Sketching Little Soap Lake, WA

Eva Pietzcker at Little Soap Lake, WA

Basalt Scree at Little Soap Lake, WA

Little Soap Lake, WA

Spring foliage at Little Soap Lake, WA

Sunday, April 17, 2011

The Washington Project - Day One

After completing a residency in Ucross, Wyoming earlier this month, Cullom Gallery artist, Eva Pietzcker is in Washington State this week to begin sketching on location in places across Eastern and Western Washington in preparation for a new series of views of Washington State. The Washington Project, which began with a summer 2010 trip to the San Juan Islands, this month will take Eva to the canyons of the Tieton River, the Channeled Scablands, the Columbia River, the Hoh Rain Forest and Olympic Peninsula.  The April leg of the Project will be chronicled in a series of blog posts by myself (Beth Cullom, owner and director of Cullom Gallery) and Seattle graphic designer and gallery booster, Joe Kaftan (who will accompany Eva on the Western leg of the Project.)
 

Day One
We were caught in a bizarre karmic eddy this morning getting out of Seattle.  A maze of detours in the Sodo neighborhood as we tried to get to Daniel Smith Art Supplies for more paper and paints, led to my own detour over Beacon Hill and finally to Dan Smith.  Then a mundane trip to an AT&T store for a new SIM card for Eva and a phone car charger for me.  All so we could head into the silent spaces of Eastern Washington. Do we really need the technology? (as I sit in the car, 7:10 pm along the Tieton River, and watch blue clouds blot out the last orange rays of sun, notice that the breeze is noticeably colder, listen to the natural white noise of the river.)
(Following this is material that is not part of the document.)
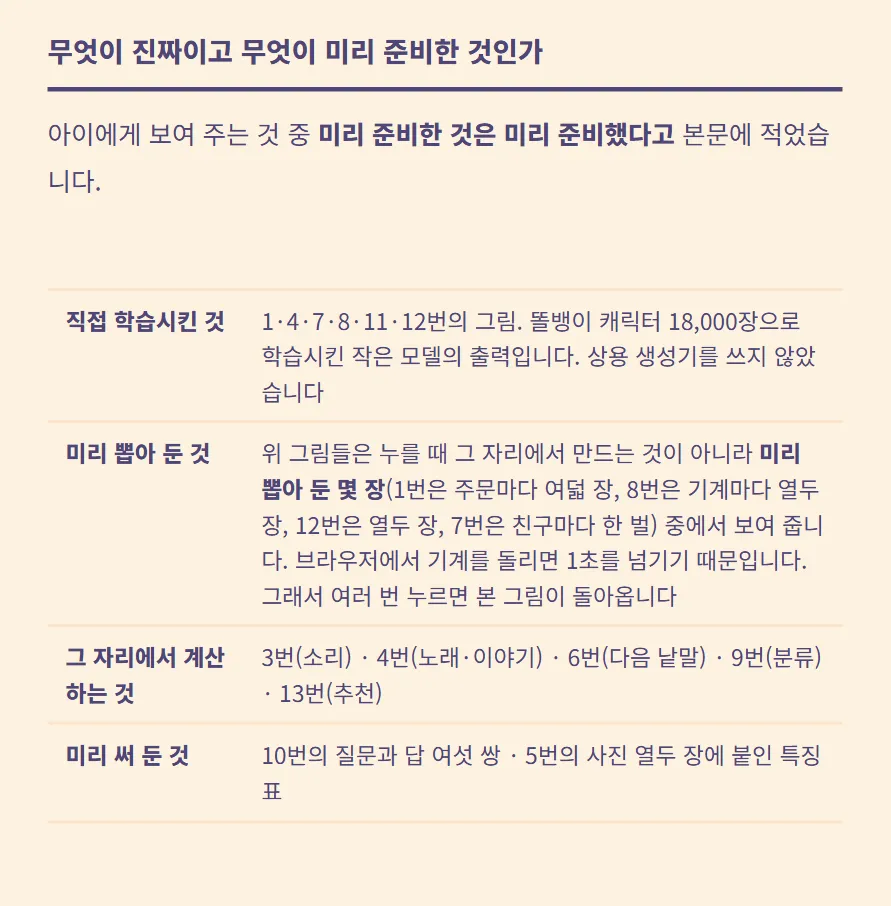 어른과 선생님께 쪽의 "무엇이 진짜이고 무엇이 미리 준비한 것인가" 표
After settling in at Ali Fujino’s condo in the apple warehouse in Tieton, WA (huge thank you to Ali and Matthew for being our housing angels for this leg of the Washington Project – couldn’t have do this without you), we’ve been scouting out spots, several, and all but this one striking out.  Eva has been talking about fore, mid, and background.  And how she likes light against the composition to allow carving of “the white spaces.”  Lots of the sweeping, monochromatic stuff of this landscape may not fit the bill.  Eva is a woodblock print artist, not a photographer, or an oil painter.  And the medium she works in may effect the subjects she chooses, I’m realizing.  (Gray basalt is turning to purple in places, nicely set off by the sage green of scrub covering the cliffs.)
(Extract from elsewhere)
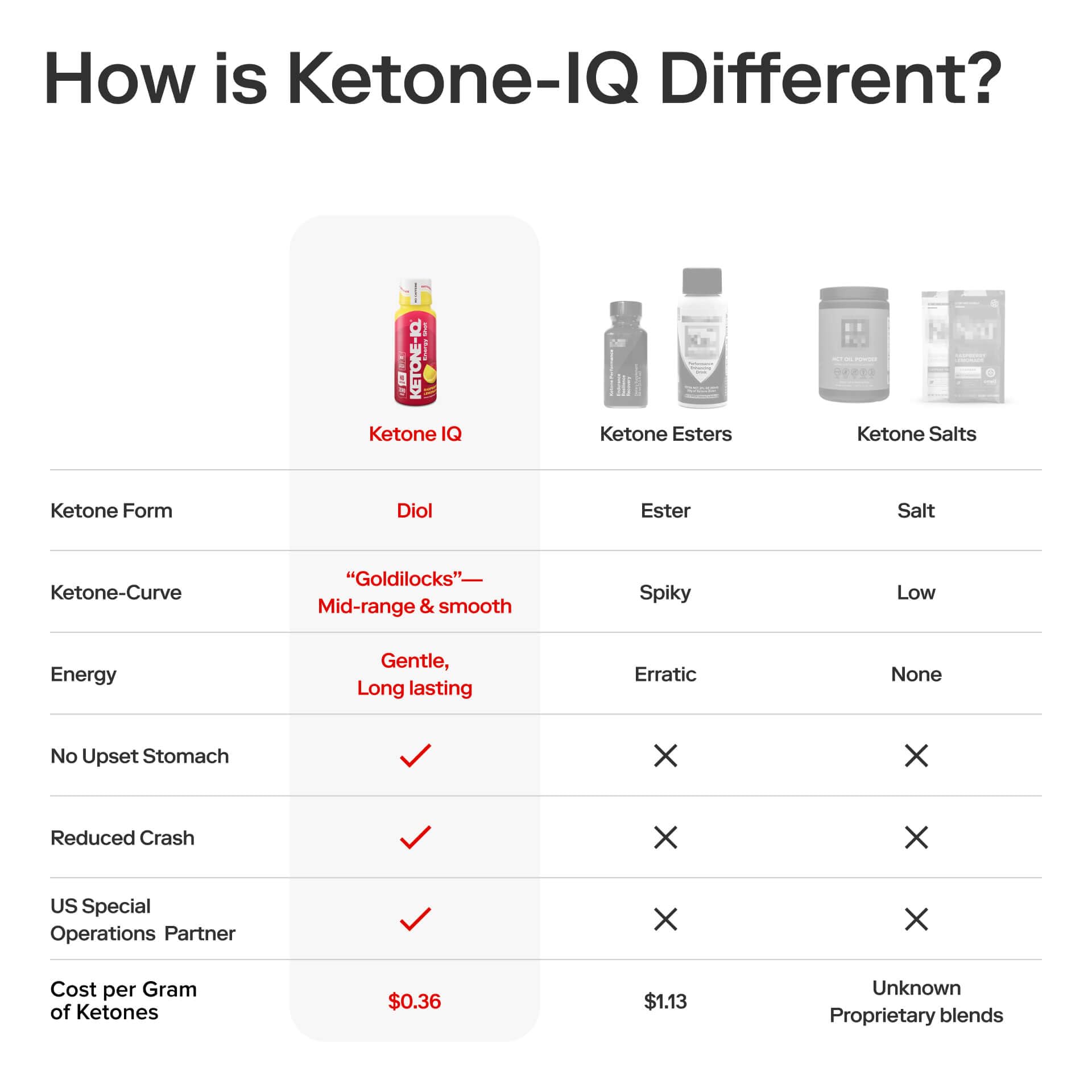 Escena de oficina con Ketone-IQ para claridad mental durante jornada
The plan and the actual, that’s part of art making, I’m thinking.  I’ve been planning the places we'd go, albeit with some (my) geographic disabilities always there.  So today my husband called to ask if I knew that Steamboat Rock was over 6 hours away from Tieton  - someplace I’d hoped to take Eva.  Did I know this?  No I didn’t.  Did I also know that Eva and I would talk till 1 am last night, looking at her new sketches and prints from her 2 weeks at Ucross Foundation?  Nope.  Which also meant that I didn't know that our actual leave time would be 12 noon -  far from the plan of 9 am.  So here we are, only  a few miles from downtown Tieton, but the clouds are now that gray blue and peach pink.  The river looks like celadon milk glass.  Black and dead Garry Oaks are blending with the scars of dark basalt on the other side of the river.  7:50 now; also thought we’d have dinner with Ed Marquand and friends, but nope, we’re here instead.  We are here.


April 16, 2011, Eva Pietzcker sketching on the Tieton River, WA.

Eva PIetzcker sketching along the Tieton River, WA.